はーい、とクラス中が返事をするが完全に言ってるだけだ。

これからも渾名は増えて行くんだろう。

『まーやん先生』とか。

 

「諸君、おはよう。」

 

「お、おはようございます!」

 

それまでざわついていた教室がいきなりびしっと礼儀正しい、上官を前にした一卒兵の集団になったかのように変わる。

 

一組担任にして我が姉、織斑千冬先生の登場だ。

……ほんの少しだけ、普段より嬉しそうな感じがするのは俺しか気付いてないな。あれは。

 

俺がこの間帰宅した時に出しておいた夏物スーツを着て、教壇に君臨する。

 

「今日からは本格的な実戦訓練を開始する。訓練機ではあるが、ISを使用しての授業になるので各人は気を引き締めるように。各人のISスーツが届くまでは学校指定のものを使うので忘れないようにな。もし忘れた者は学校指定の水着で受けてもらおう。それも無い者は、まあ下着でも構わんだろう。」

 

 

いやいやいや、構うだろ絶対!

男の俺がいるんだぞ?下着姿はマズイだろ、下着姿は!

 

ちなみにIS学園の指定水着は何故か紺色のスクール水着である。

 

絶滅危惧種だと言われていたが、こんな最先端の塊みたいな場所で生き延びていたとは……
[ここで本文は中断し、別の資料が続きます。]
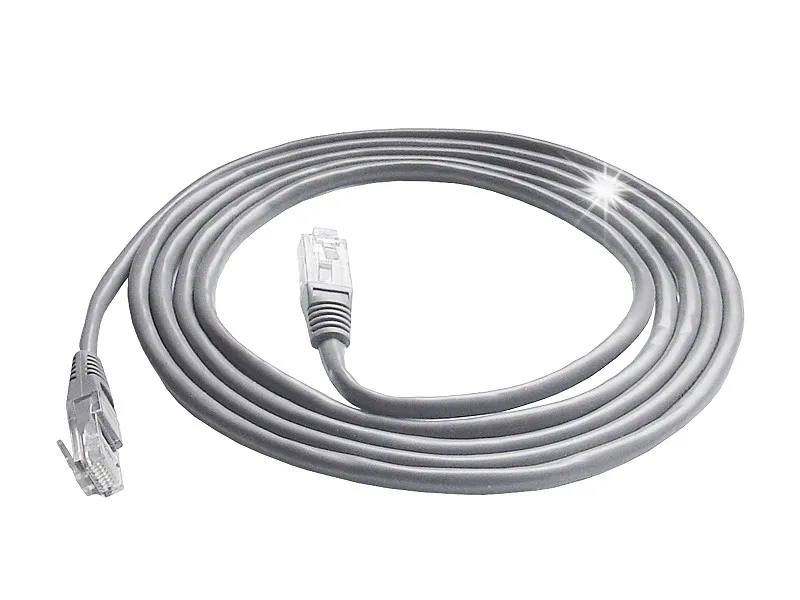 kabel-komputerowy-sieciowy-8p8c-patchcord-15m
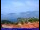 Webcam in Serra, 0.6 mi away
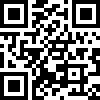 https://khabaronline.ir/xf67M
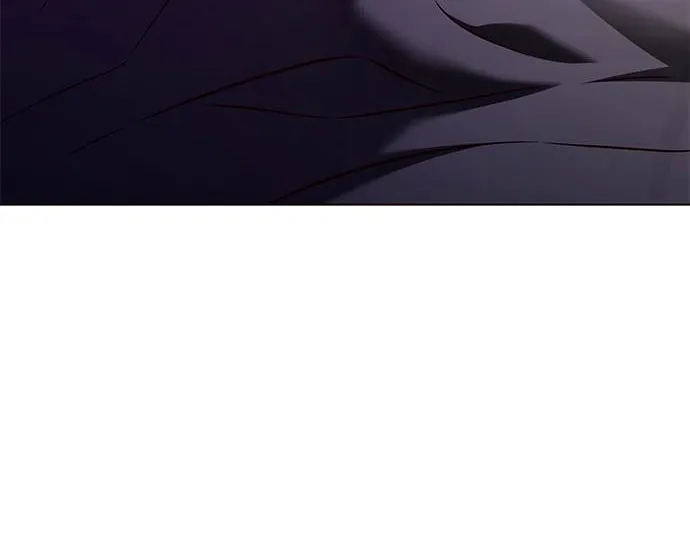 Eleceed Chapter 143 page 71 - 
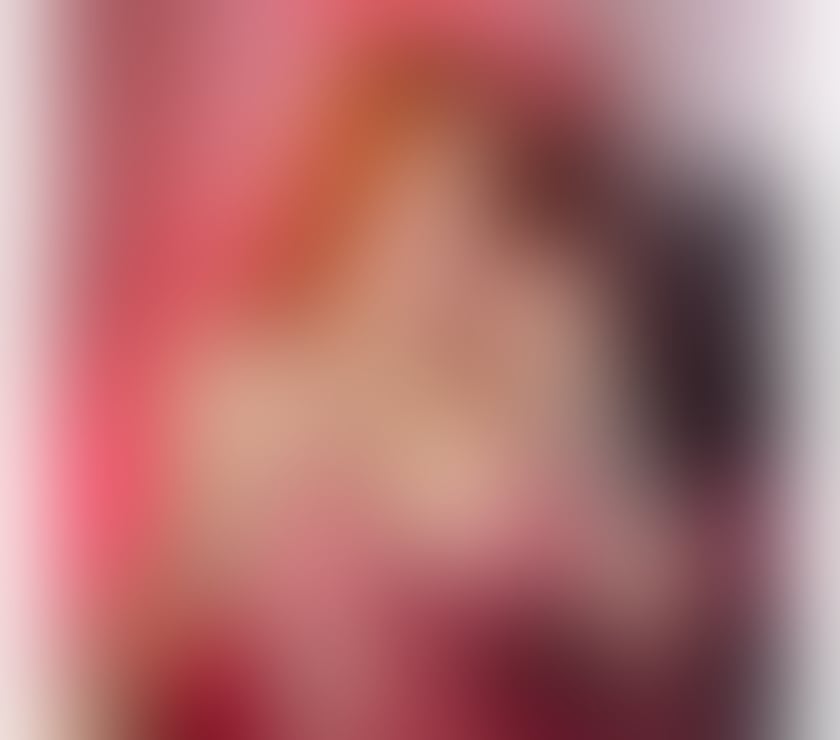 Escorts Barking and Dagenham Barking - Barking and Dagenham - Photos for LATINA CALIENTE🔥 NEW IN TOWN
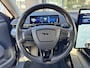 Ford Mustang Mach-E RWD 75 kWh*Navigatie*LED*Camera*94SOH*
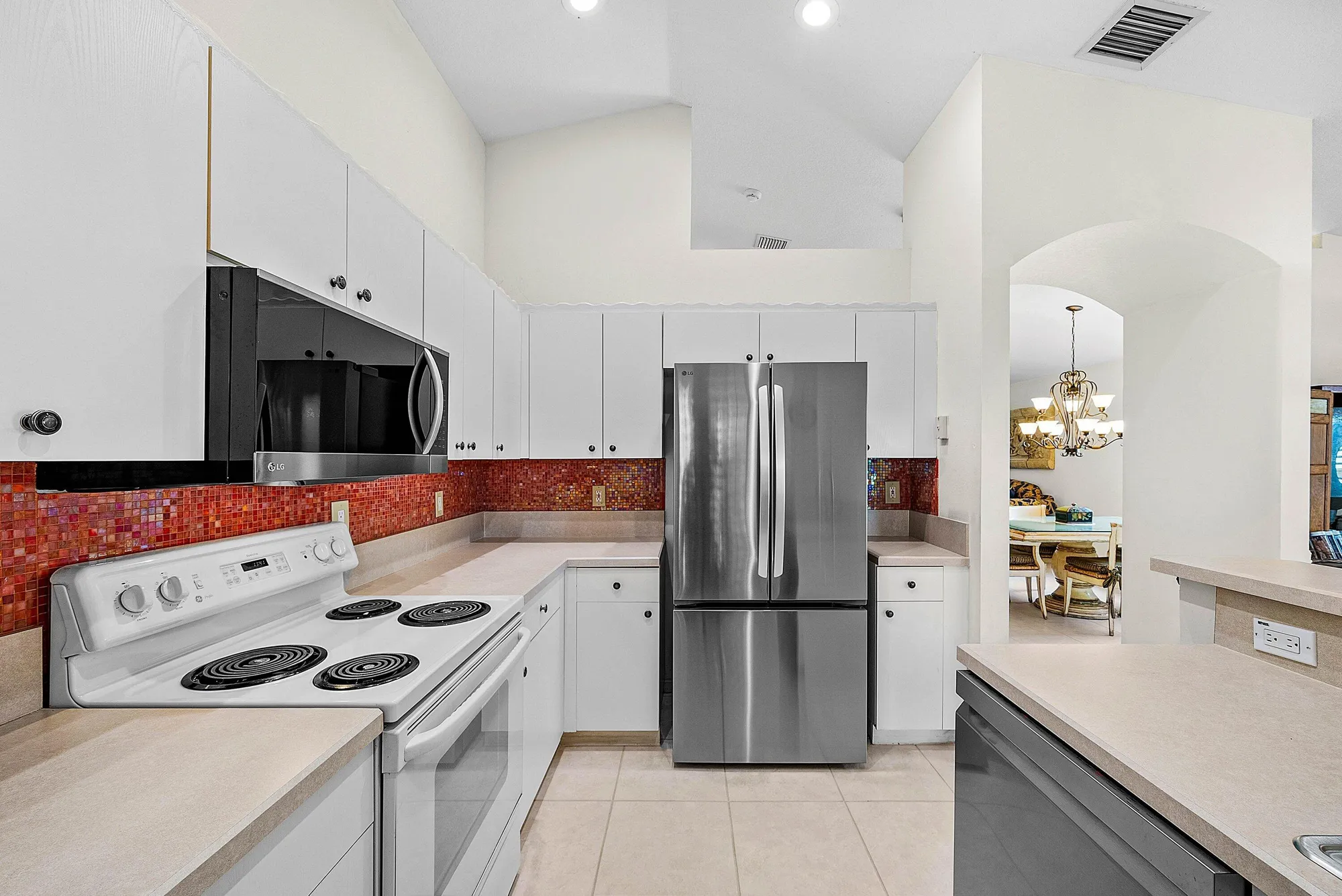 Property Slideshow image 18 of 54 | 11984 rosetree ter, Boynton Beach, FL, 33437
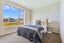 26B Tokerau Drive, Rototuna North, Hamilton - Carousel 17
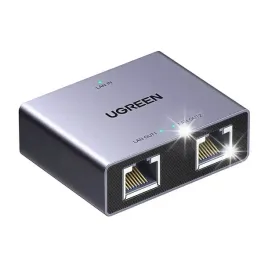 ugreen-adapter-usb-c-rozgaleznik-hub-ethernet-rozdzielacz-lan-rj45-1gbps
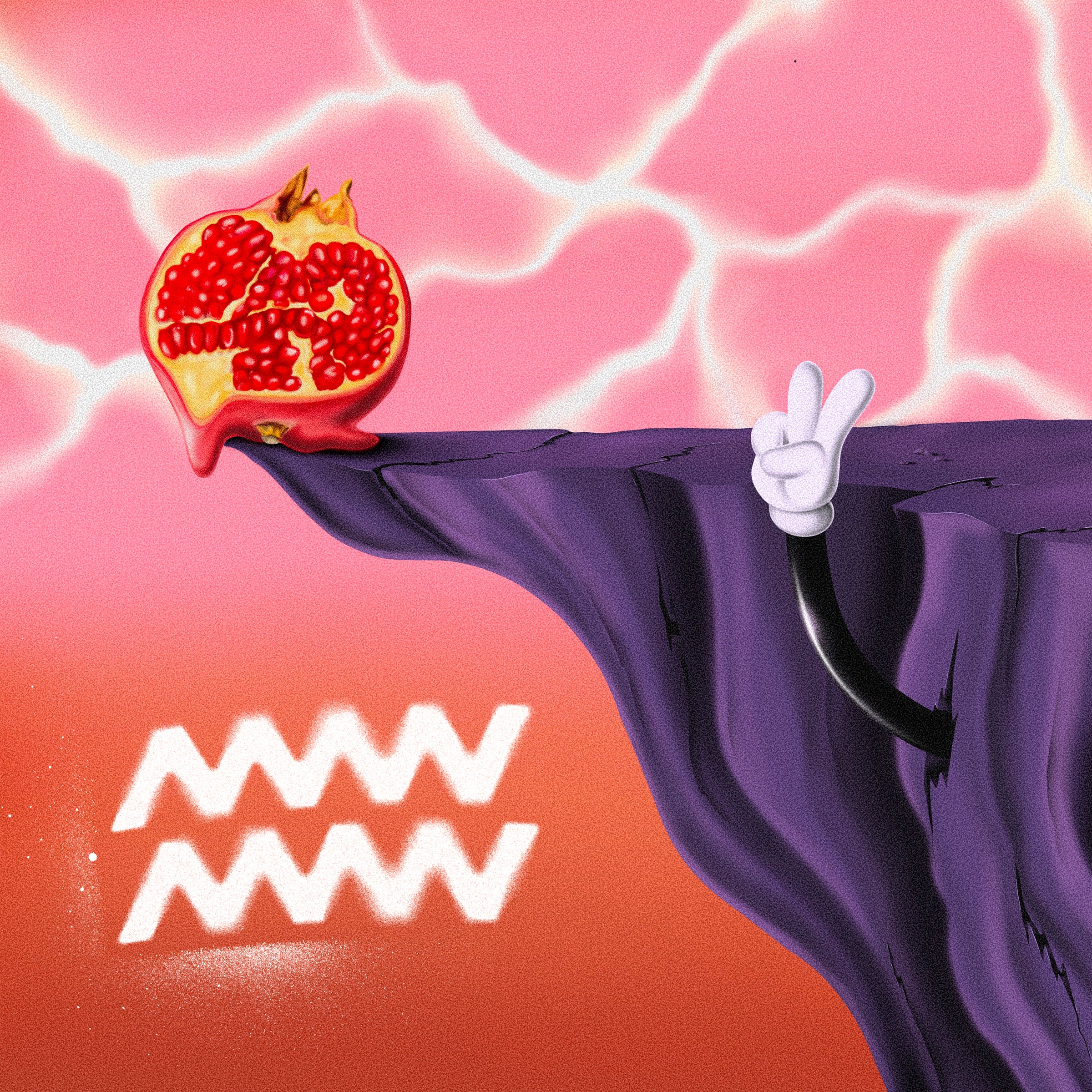 Carrot On Strings - CD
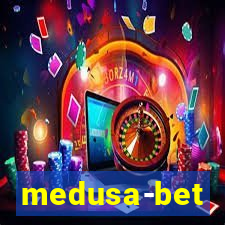 medusa-bet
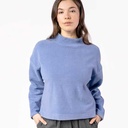 Jersey algodón orgánico 100% USIRIS
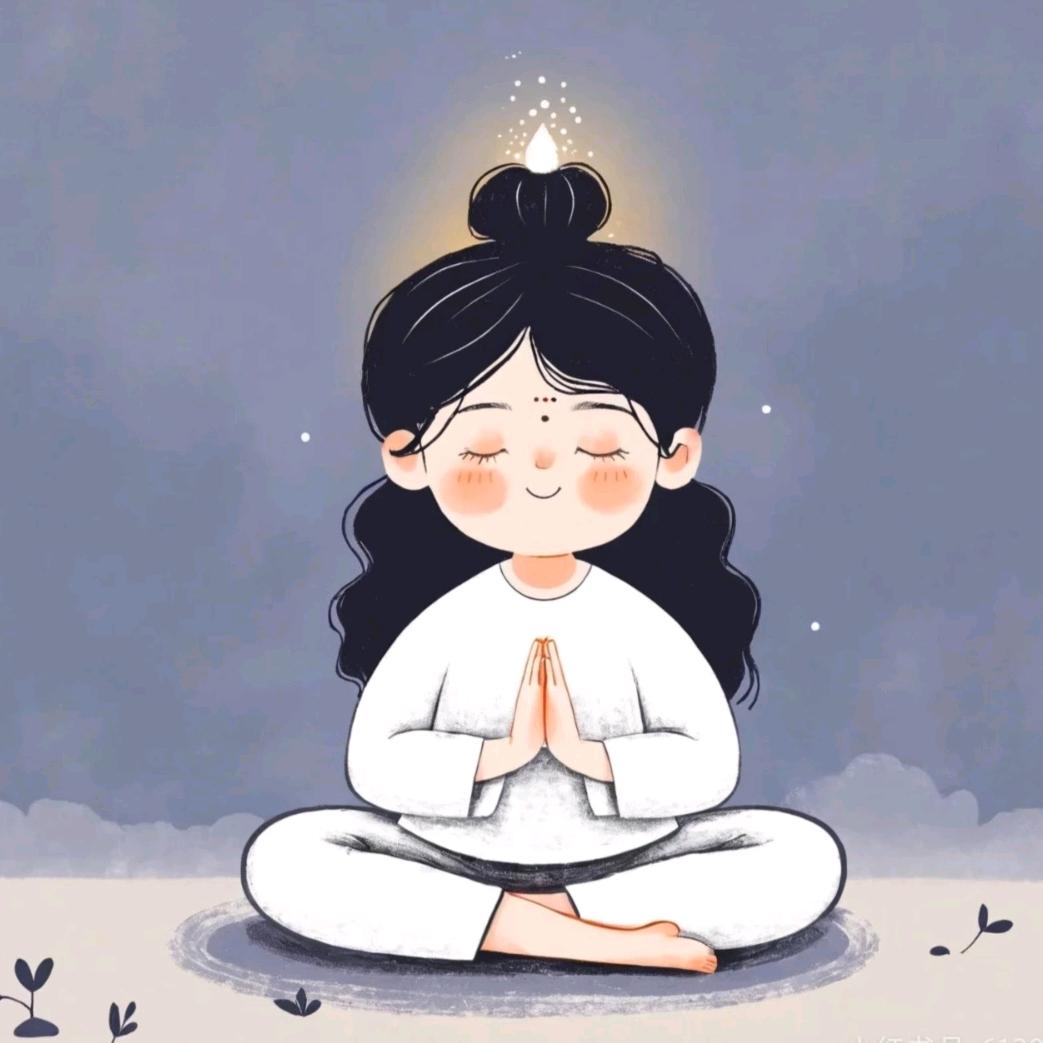 十分钟助眠电台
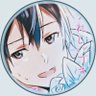 tragic kyun's profile picture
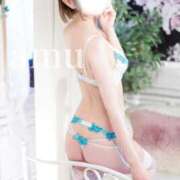 ヒメ日記 2025/12/23 00:21 投稿 あむ ナイトヴィーナス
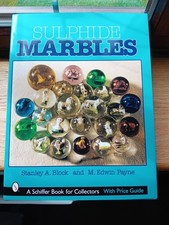 glass marbles for sale  GILLINGHAM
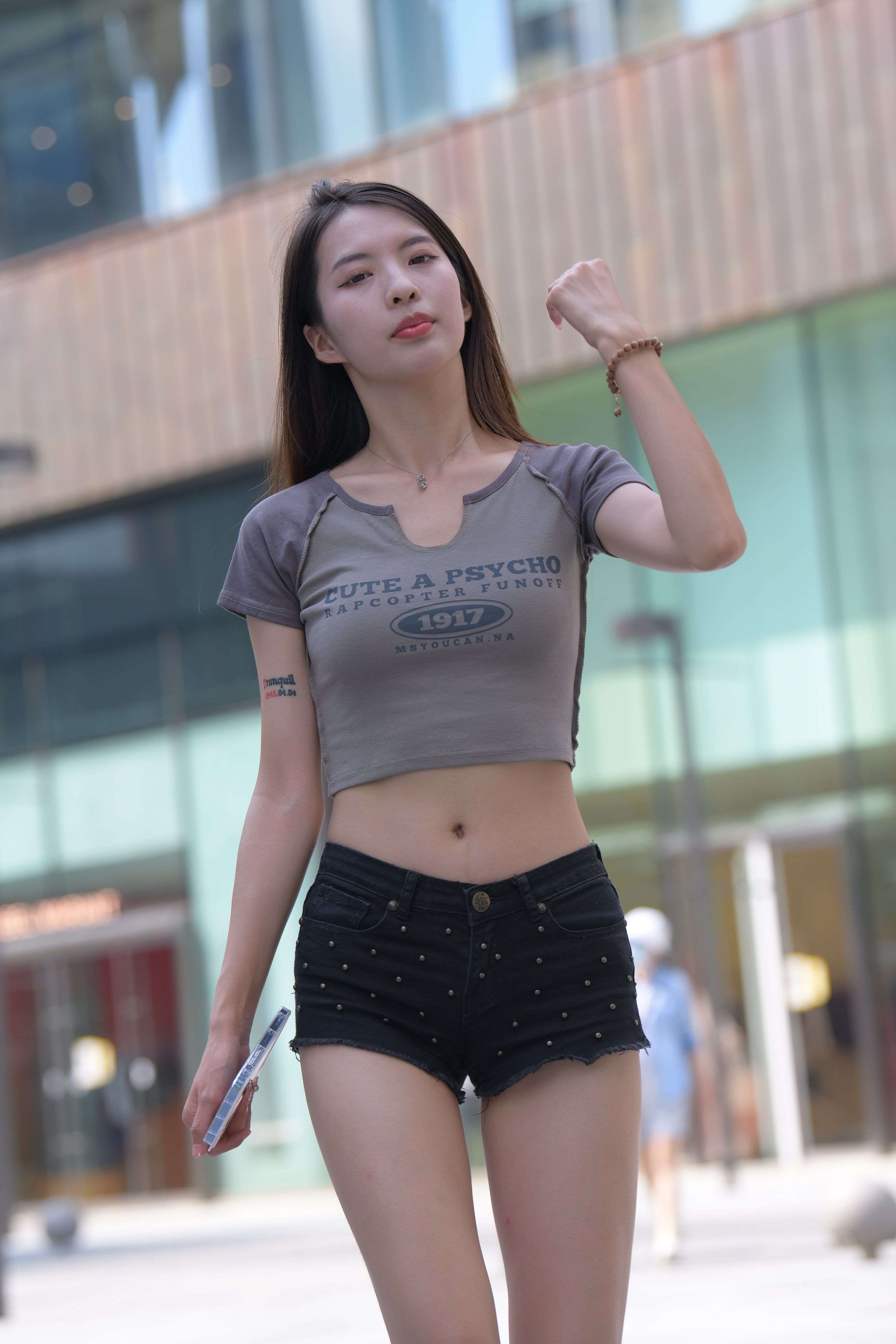 M961若你亦如初-403G-4K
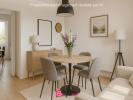 Apartment MONTIGNY-LES-METZ 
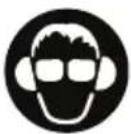 HUSQVARNA 322HD60 - Avsedd användning - 2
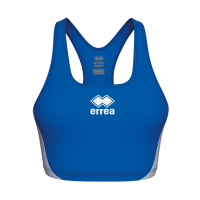 Errea Elaine Extra Womens bra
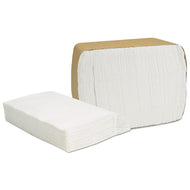 Cascades PRO wholesale. Select Full Fold Ii Napkins, 1-ply, 12 X 12, 375-pack, 24-carton. HSD Wholesale: Janitorial Supplies, Breakroom Supplies, Office Supplies.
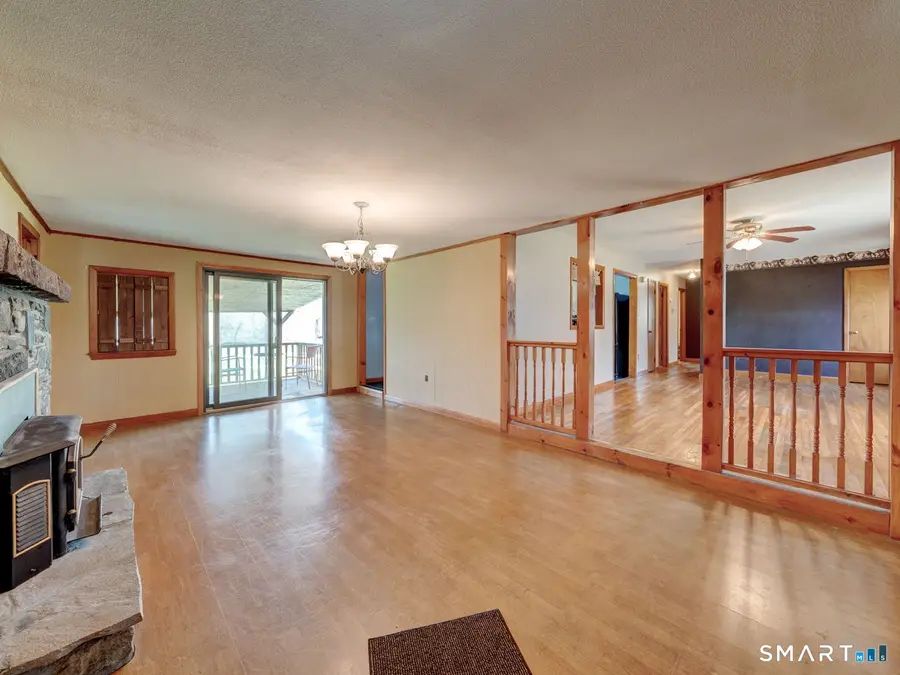 13 Litchfield Avenue, Killingly, CT 06263 - #2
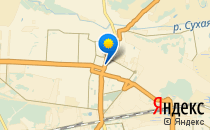 Средняя общеобразовательная школа №54 с углубленным изучением отдельных предметов                             Россия ,                                                                            Казань
                            ,                        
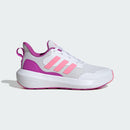 ADIDAS FORTARUN 3.0 J
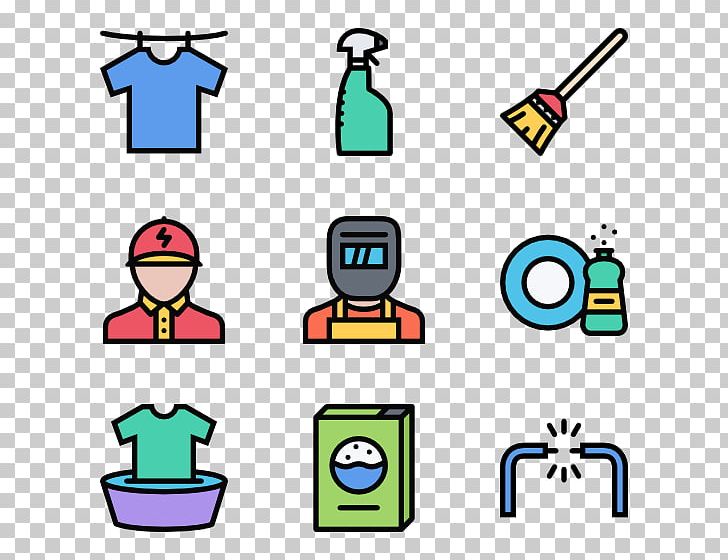 Computer Icons Encapsulated PostScript PNG, Clipart, Area, Clean, Cleaning, Communication, Computer Icons Free PNG Download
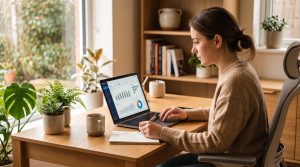Programas de afiliados para serviços financeiros: como funcionam e o que avaliar antes de começar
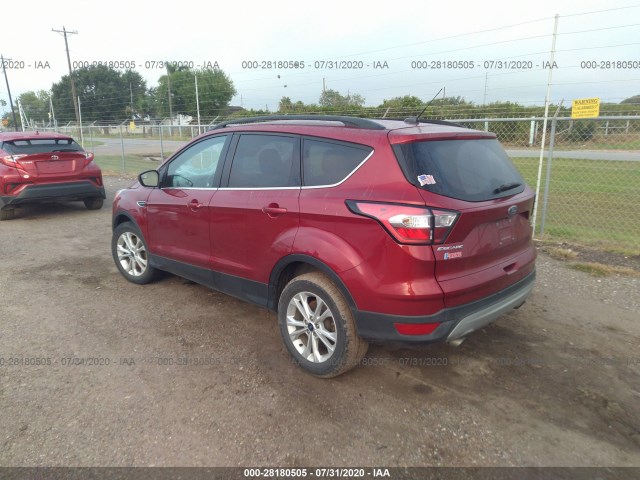 1FMCU0G94JUB49717  ford escape 2018 IMG 2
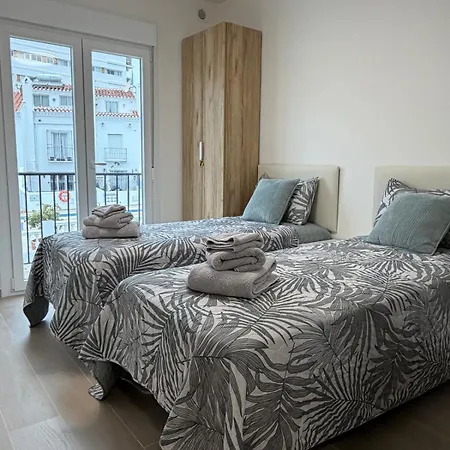 Casa Perla Rosa Διαμέρισμα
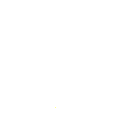 5bg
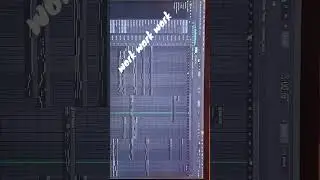 ochestration #sleeptoken #sleeptokenreaction #orchestration #caramel #pablovolen #meettheorchestra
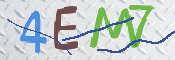 Image Anti-spam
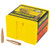 Berger Elite Hunter 7mm, 284 Caliber (284 Diameter) Bullets 195 Grain Jacketed Hollow Point Box of 100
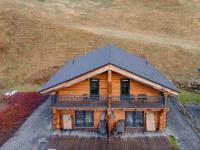 Jenig 4A - B&B Jenig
ついでに言えば体操着も同じく、絶滅危惧というかほぼ絶滅したと思われたブルマーだった。

 

俺は短パンなので違うが。

 

そういえば、空は体育は長袖長ズボンのジャージ姿、水泳は始まる前だったな。

今考えると、あれは義肢を隠す為だったんだな。

 

 

さらにオマケで学校指定のISスーツはタンクトップとスパッツをつなげたようなシンプルなヤツ、空のはそれを七分袖長ズボンにした感じだった。

 

「では山田先生、ホームルームを。」

 

「は、はいっ!」

 

連絡事項を言い終えた千冬姉が山田先生にバトンタッチする。

ちょうど眼鏡を拭いていた処の山田先生はあわててかけ直してからこちらに向き直る。

 

「ええとですね、今日はなんと転校生を紹介します!しかも、二人です!」

 

「え……」

 

「ええぇぇぇぇぇぇえ!?」

 

いきなりの転校生紹介にクラス中が一気にざわめく。

 

三度の飯よりうわさ好きな十代女子の蜘蛛の巣よりも細かく複雑に張り巡らされた情報網をかいくぐって転校生が現れたんだ。

当然か。

 

俺個人としては、普通は分散させるんじゃないのか、と思うところなのだが。

 

 

「失礼します。」

「……………」

 

クラスに入って来た二人の転校生を見て、ざわめきがぴたりと止まる。

そりゃそうだ。

 

なんせ、そのうちの一人が―――男子だったのだから。

 

いや待て。空みたいに女子が男子と同じ格好してるだけってのもあり得るな。